Interview
Gender and emotions control more than we imagine

Name: Britta Lundgren
Britta Lundgren\'s research has addressed many topics but has always placed the gender problematic in focus. Her doctoral thesis was about femininity and occupational culture in the Swedish Post Office and she has subsequently written works on gender in academia, within the family and sexuality, and on emotions and relationships. She continues to give media interviews about a book she wrote about friendship, which she composed early in her career in 1995.
Britta Lundgren\'s current research activities are predominately to act the head of the large programme Challenging Gender, which has been designated as one of three Centers of Gender Excellence by the Swedish Research Council. The programme has several sub-themes and Britta Lundgren is, in addition to her research leadership positions, also involved in the theme that affects relationships and emotions.
“Gender and emotions play a role in almost all areas of our lives whether we are conscious about it or not. I am becoming more and more interested in the consequences of emotions and feelings, despite that we may not always be aware of it,” she says.

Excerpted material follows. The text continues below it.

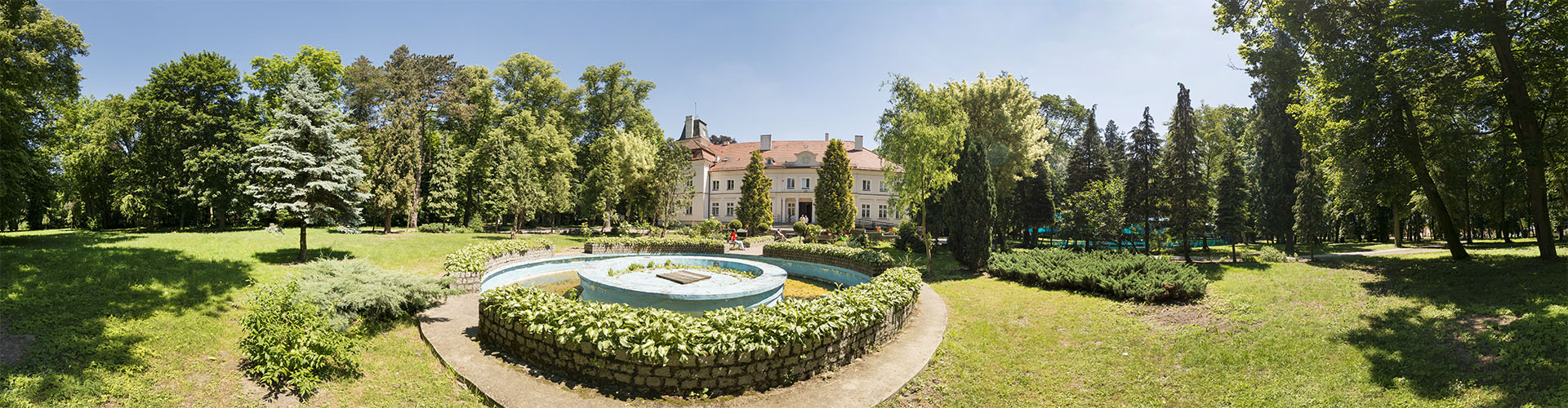 plik foto id: 1400006625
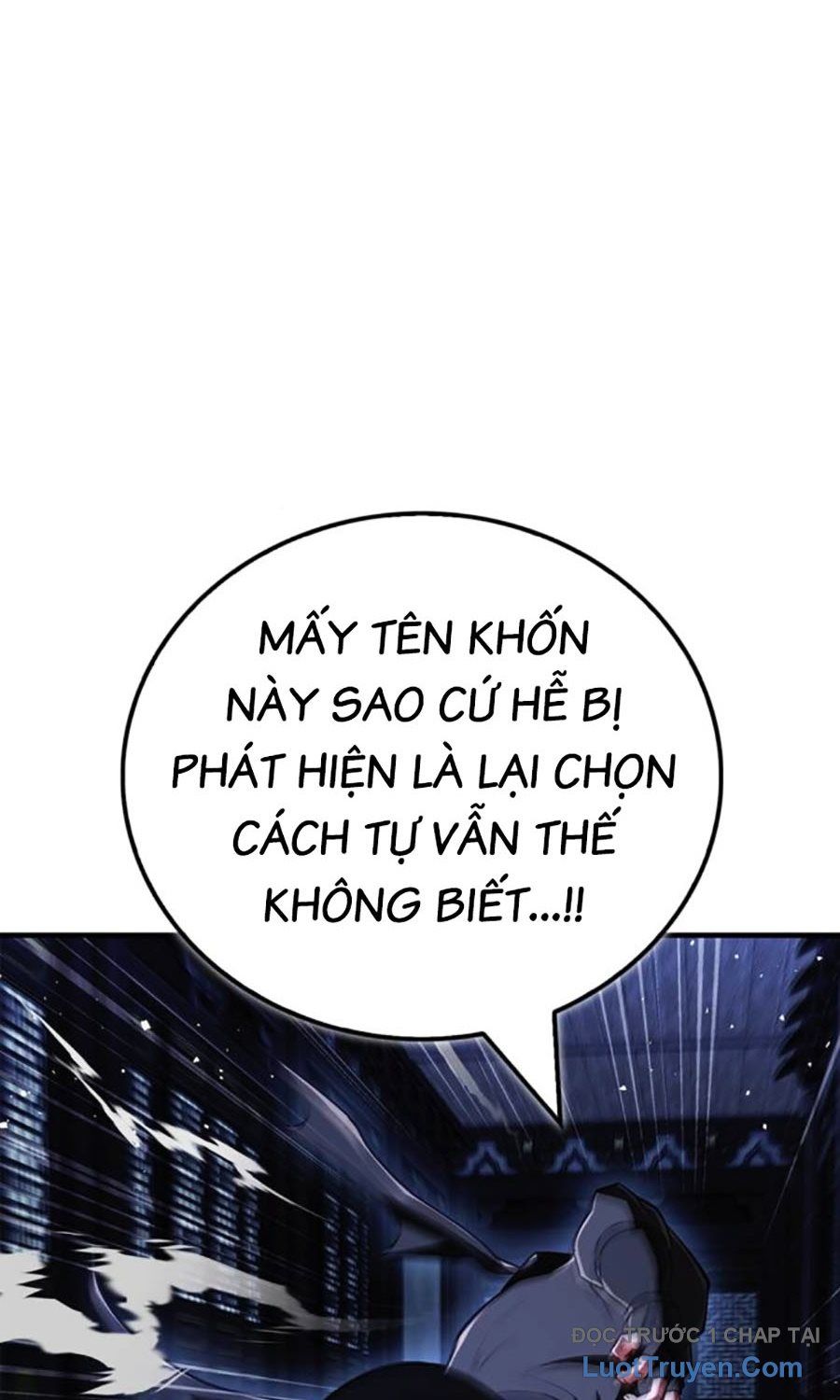 Huấn Luyện Viên Murim Thiên Tài Chapter 81 - 70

In collaboration with other themes in the programme, there have been discussions about legal statutes, which most consider as being neutral, but research has shown that this is not the case.
“When doing an analysis of the texts, you see the significance of emotions and that the judiciary does not act neutrally in the way we often think.”
“You have to accept that emotions are an important part in the decision making process and basically, it also may be something generally universal and hopeful. We need to obtain much more knowledge on how to legitimise various kinds of feelings and how they may or may not control what we do.”
She heads this research programme while simultaneously acting as the Dean of the Faculty of Arts.
“It\'s very interesting for me to head a research programme with such broad themes, because one sees how everything is connected. Pieces of the puzzle emerge from all directions.”
The programme Challenging Gender involves up to 50 individuals, including about twenty who have received partial funding from the programme.
“We are trying to obtain new knowledge from the various themes of work and perhaps find the general and developmental categories to proceed further with. The programme has been assessed by an international panel of judges as unique in its breadth in an international perspective.”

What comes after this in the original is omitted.